What do you mean by “improve my overall health and well-being?”
In order to have the stamina to spend a decade writing while working a full time job and raising kids, I need to be in better shape than I am today. I need more exercise. I need to eat better. I need to find ways of clearing my mind so that I sleep better and respond better to challenges that come up. I see this as a practice as well, just like writing, a slow and stead one that will improve my overall health and well-being hand in hand with my writing over the next ten years. The result, I hope, is a more healthy decade, but also, I look to coming at full-time writing health and in good shape.
Why the name “Project Sunrise”?
When I was fleshing out this idea, I kept referring it to my “ten novels in ten years” project. That was too long-winded, and it became moot when I reconsidered and refocused my goals. So I made a list of possibilities, something short and simple that I could refer to and know what it meant. I came up with Project Sunrise, because a sunrise is a new beginning. Each creative year is a new beginning. And at the end of these next ten years, there is a new beginning for me as well, retiring from my day job to become a full time writer.
What do you mean by a “creative new year”?
One problem I have found with beginning new habits is that the traditional new year is a terrible time for me to start them. It is cold and dark in December and January and that does something to both my motivation and mood. It’s much easier for me to begin something new when the sun rises early, and sets late, when the temperature is warm, when I don’t have to deal with the activities that come with kids in school. This is true for writing as well as habits. It seemed to me, therefore, that to being my creative year on July 1 meant I was beginning when the air is warm and the nights are long, and getting up early to exercise doesn’t mean freezing in darkness.
Of course, darkness and cold will come, but by then I hope that my new habits, health and writing, will be well-established and it won’t matter.

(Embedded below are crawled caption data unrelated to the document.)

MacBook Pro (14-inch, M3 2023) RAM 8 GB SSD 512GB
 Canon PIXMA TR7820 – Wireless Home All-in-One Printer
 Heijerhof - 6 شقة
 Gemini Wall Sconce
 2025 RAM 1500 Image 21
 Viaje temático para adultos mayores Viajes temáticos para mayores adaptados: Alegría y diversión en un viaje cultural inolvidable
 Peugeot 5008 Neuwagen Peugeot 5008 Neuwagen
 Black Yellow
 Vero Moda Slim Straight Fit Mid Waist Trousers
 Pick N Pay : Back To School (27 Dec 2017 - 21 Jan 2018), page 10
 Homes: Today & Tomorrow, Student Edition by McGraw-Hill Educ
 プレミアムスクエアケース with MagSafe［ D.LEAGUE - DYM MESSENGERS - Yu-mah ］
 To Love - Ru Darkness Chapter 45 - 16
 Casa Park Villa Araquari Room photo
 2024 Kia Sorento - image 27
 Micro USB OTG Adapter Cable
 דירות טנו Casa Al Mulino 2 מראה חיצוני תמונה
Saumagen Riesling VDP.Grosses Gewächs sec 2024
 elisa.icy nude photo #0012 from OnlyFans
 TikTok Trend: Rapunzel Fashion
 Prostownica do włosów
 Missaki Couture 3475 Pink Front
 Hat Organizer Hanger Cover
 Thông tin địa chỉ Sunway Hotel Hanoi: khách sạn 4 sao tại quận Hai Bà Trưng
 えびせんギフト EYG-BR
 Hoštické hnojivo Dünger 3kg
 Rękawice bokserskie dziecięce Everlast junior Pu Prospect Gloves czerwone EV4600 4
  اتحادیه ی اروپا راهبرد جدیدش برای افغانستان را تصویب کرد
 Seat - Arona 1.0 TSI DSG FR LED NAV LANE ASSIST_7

Do you really think you’ll make it as a full time writer? What happens if you don’t?
When I started out writing, I was pretty haphazard about things and didn’t look closely at how I worked or ways I could improve. I just moved on to the next thing. It was probably part of the reason it took so long to start selling stories. Now, I have the confidence of knowing that I can write well enough to sell what I write a short length. Approaching this with a focus on practice, craft, and continuous improvement is the best shot that I have.
And if I don’t make it? Well, I can still write. There’s this blog. It’s been around for 16 years so far, and I don’t see why it would have to go anywhere. Besides, I’ll be retired. There won’t be pressure to find a means of employment. Still, my attitude going in is that I will make it. I may not be a bestselling writer, but I think I’ve a better than even shot of being able to write full time if I really try. I can visualize it, the way I did when I was young and imagined I would sell a story to Analog or get my private pilot’s license. It was never a question of if, but when.
Of course, along the way I’ll provide progress reports and lessons-learned. Part of this involves really looking at the work I do and how I do it and see how I can make incremental improvements over time.